# Layer transfers on top each other??



## Bryn's Luv76 (Jan 28, 2008)

Hello all! Ive got a ? Is it possible to put a heat transfer onto a shirt and then apply another heat transfer on top of the 1st one?? I kinda figure the 1st transfer would be distorted from double exposure to the heat. 

Thanks a bunch!!


----------



## M-BLaze (Jul 10, 2006)

Depends what kind of transfer I suppose. I cut vinyl transfers myself and you can lay one color onto another no problem, obviously the more you do the thicker the design gets. I'm sure you couldn't do that with plastisol not sure about sublimation or transfer papers though.

Rob


----------



## Bryn's Luv76 (Jan 28, 2008)

The transfers Im talking about are sublimation heat transfers. Dont you think the 1st layer would melt??

Thanks Rob 

beth


----------



## angelic_endeavor (Sep 19, 2007)

With sublimation, I thought the ink turned to a gas under the heat of the press, and the pressure of the press actually pressed the *ink only* directly INTO the shirts. No???  In that case, there should be no polymer to melt (as you stated above), correct? I can't see why you couldn't press one image on top of the other -- unless the heat will do something to the original sublimated image... But I really can't see why?

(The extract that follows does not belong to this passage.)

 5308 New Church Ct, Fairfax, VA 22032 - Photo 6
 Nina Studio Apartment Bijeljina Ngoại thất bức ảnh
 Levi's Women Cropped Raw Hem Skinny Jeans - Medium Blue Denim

For questions on sublimation, I would pm Charles directly. He knows a lot about that...

Melissa


----------



## Bryn's Luv76 (Jan 28, 2008)

Sorry, my bad. I meant to say "iron on" transfers, you know the cheappie ones you can find at ProWorld--Professionals of the World, for the World. Please excuse me Im a newbie. Im still learning the jargon . Anyhow, dont you think the two iron on transfers would melt together and be distorted?  

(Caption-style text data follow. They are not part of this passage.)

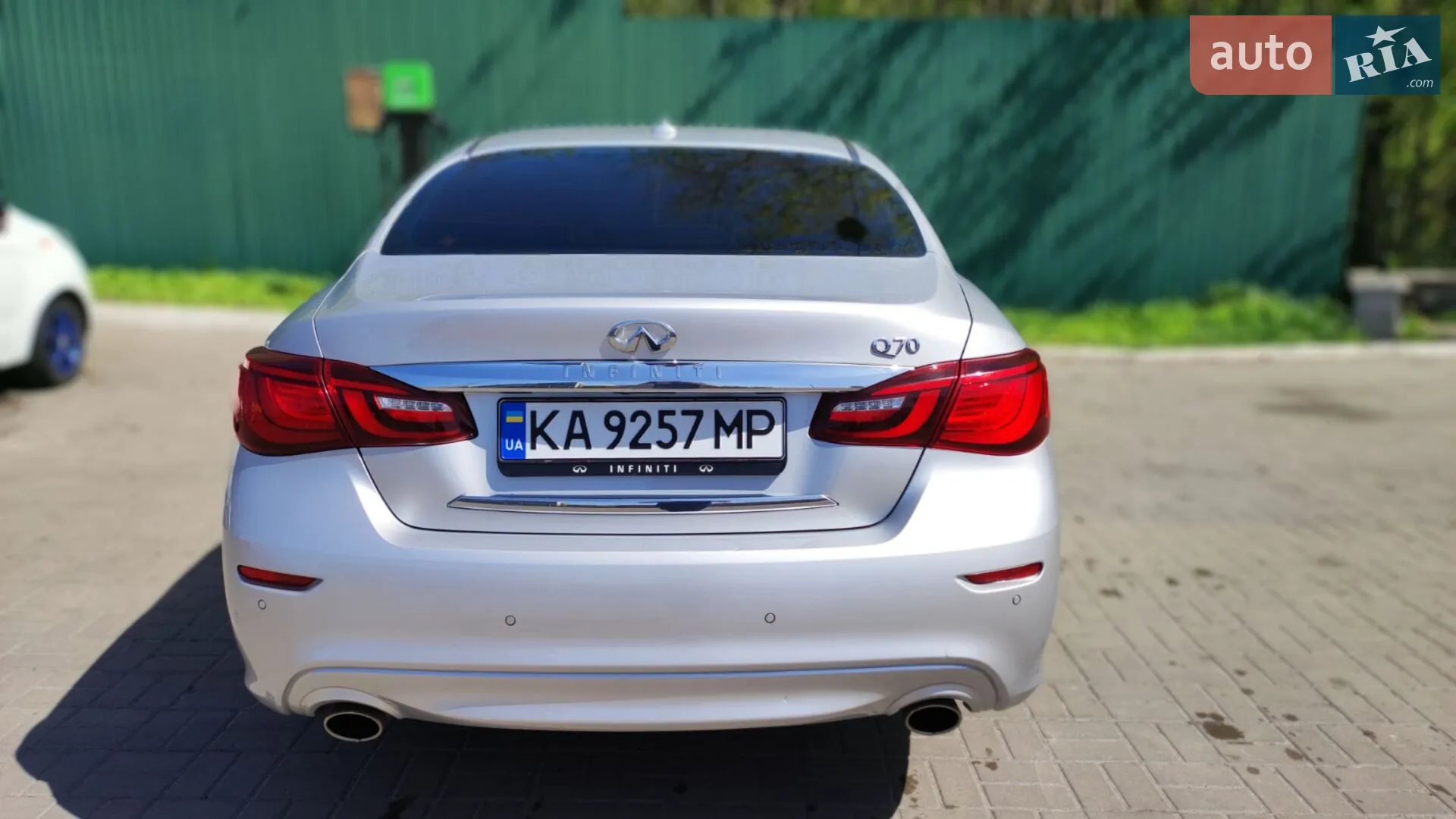 2017 Infiniti Q70 - мініатюра 4
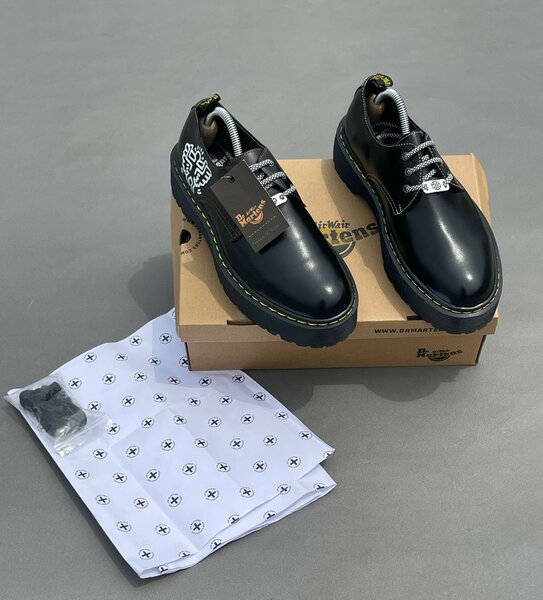 Chaussures habillées homme luxueuses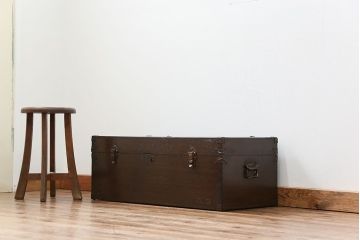 アンティーク雑貨　アンティーク 古い木のシンプルなトランク(収納箱)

Thank you for your replies! 

beth


----------



## AdamnSmith (Dec 10, 2007)

When I was practicing with regular transfers.. or "iron on"... I noticed that the area around my image [the 1/8" or whatnot around it" would become more and more yellow the more I would press it. I tried multiple transfers on the same shirt, at different times.. I just added more and more testing the heat and timing and pressure of my press.... So, to answer you, it will become yellow/burned around the edges the more you do it.


----------



## Bryn's Luv76 (Jan 28, 2008)

Bummer, I had some neat ideas too. I take it the yellow wont wash out huh?


----------



## greyhorsewoman (Jul 19, 2007)

I layer transfers and press all at once. With our inkjet transfers (dog breeds), I lay them in tandem to create a impression of two dogs running together or two heads for folks having more than one breed. 

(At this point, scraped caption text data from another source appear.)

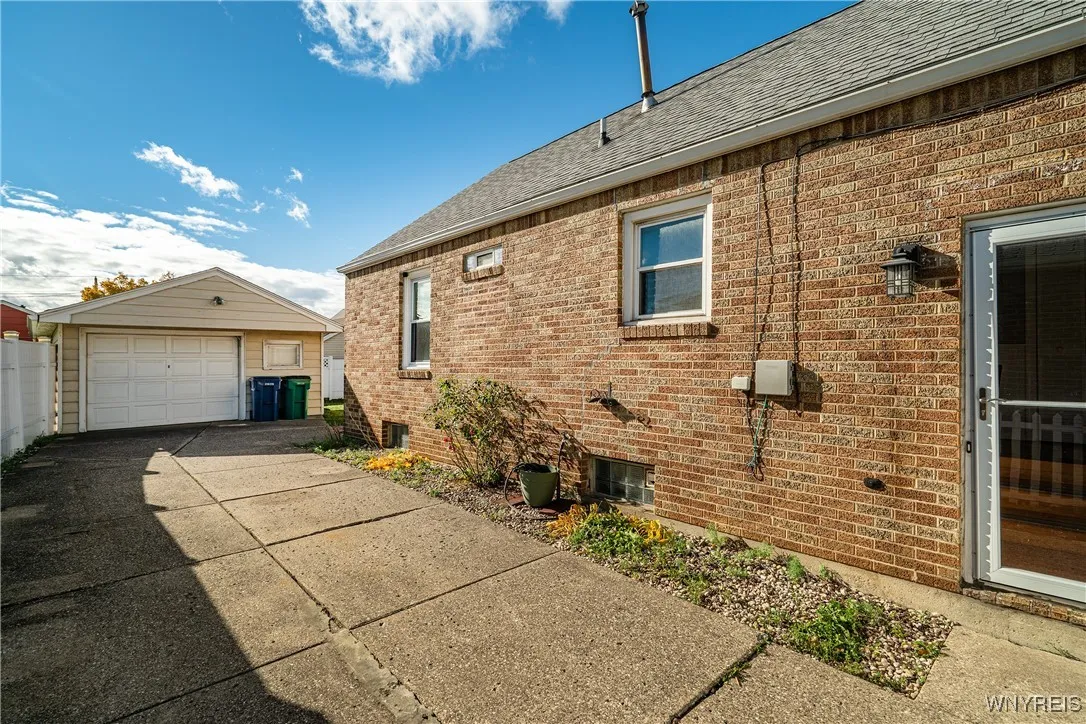 405 Weimar Street, Buffalo, New York 14206, Buffalo, New York 14206, 3 Bedrooms Bedrooms, 5 Rooms Rooms,1 BathroomBathrooms,Residential,For Sale,405 Weimar Street, Buffalo, New York 14206,0,B1650009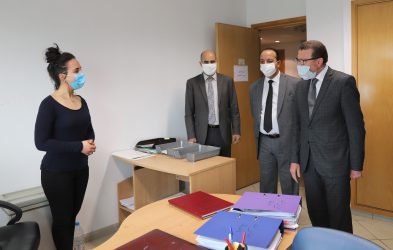 Lire la suite à propos de l’article En visitant les deux commissions de confiscation et de liquidation des biens du RCD dissous : M. Ahmed Adhoum met en valeur l&rsquo;apport soutenue dans le processus économique.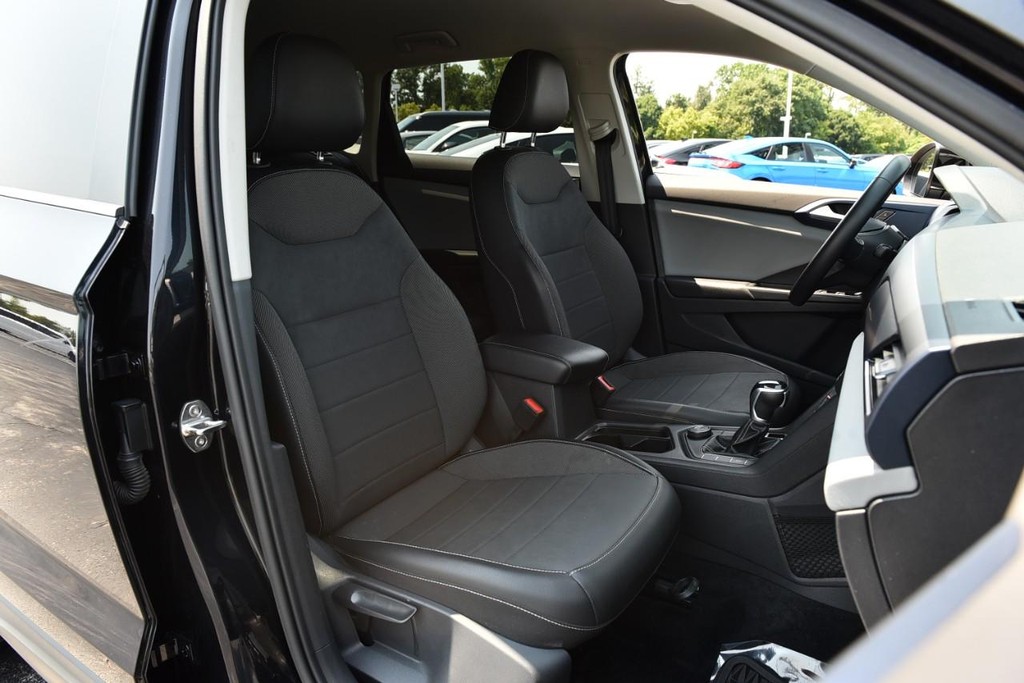 Volkswagen Taos Vehicle Image 21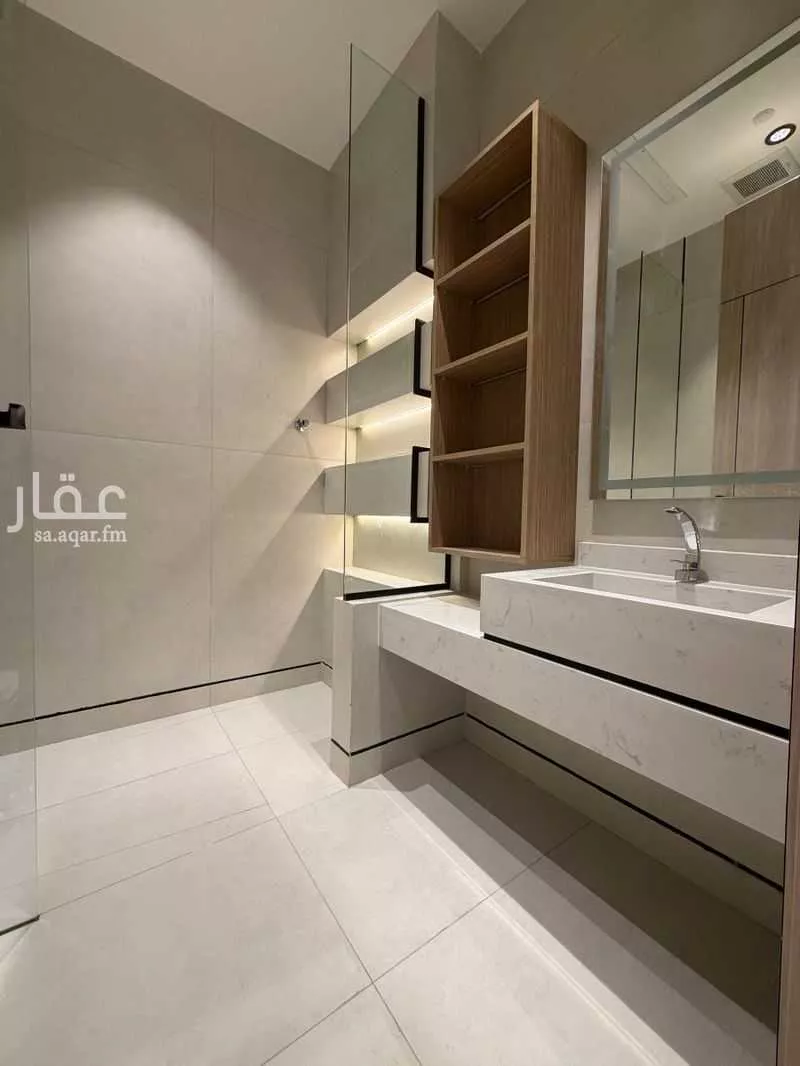 7 bedroom apartment in Al Salamah 21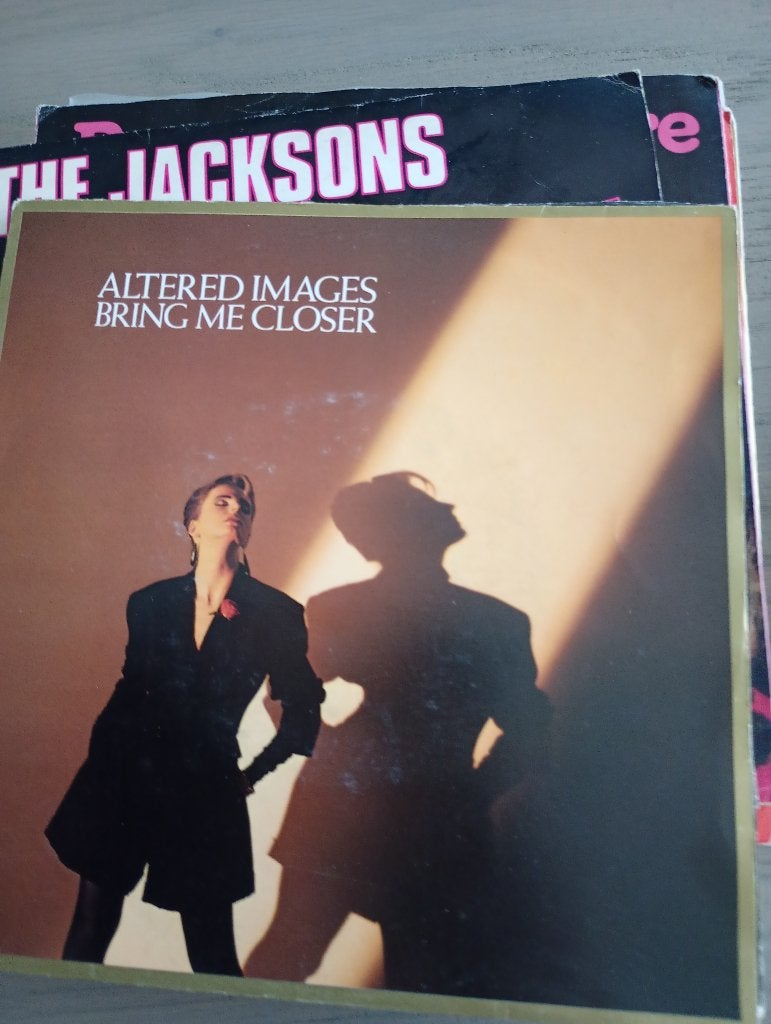 Altered Images - Bring me closer, Enlèvement ou Envoi, Pochette photo, 7 inch, Utilisé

Don't know if that would work for what you had in mind to create.


----------



## Kimsie (Oct 5, 2007)

greyhorsewoman said:


> I layer transfers and press all at once. With our inkjet transfers (dog breeds), I lay them in tandem to create a impression of two dogs running together or two heads for folks having more than one breed.
> 
> Don't know if that would work for what you had in mind to create.


In this case I'm guessing that you are using transfer for darks. My questions is: Can I do this with JPSS (for whites) I have a rainbow (multicolored) and then I would like to heat press black lettering on it ( I would print is up on the JPSS also. Will this work?


----------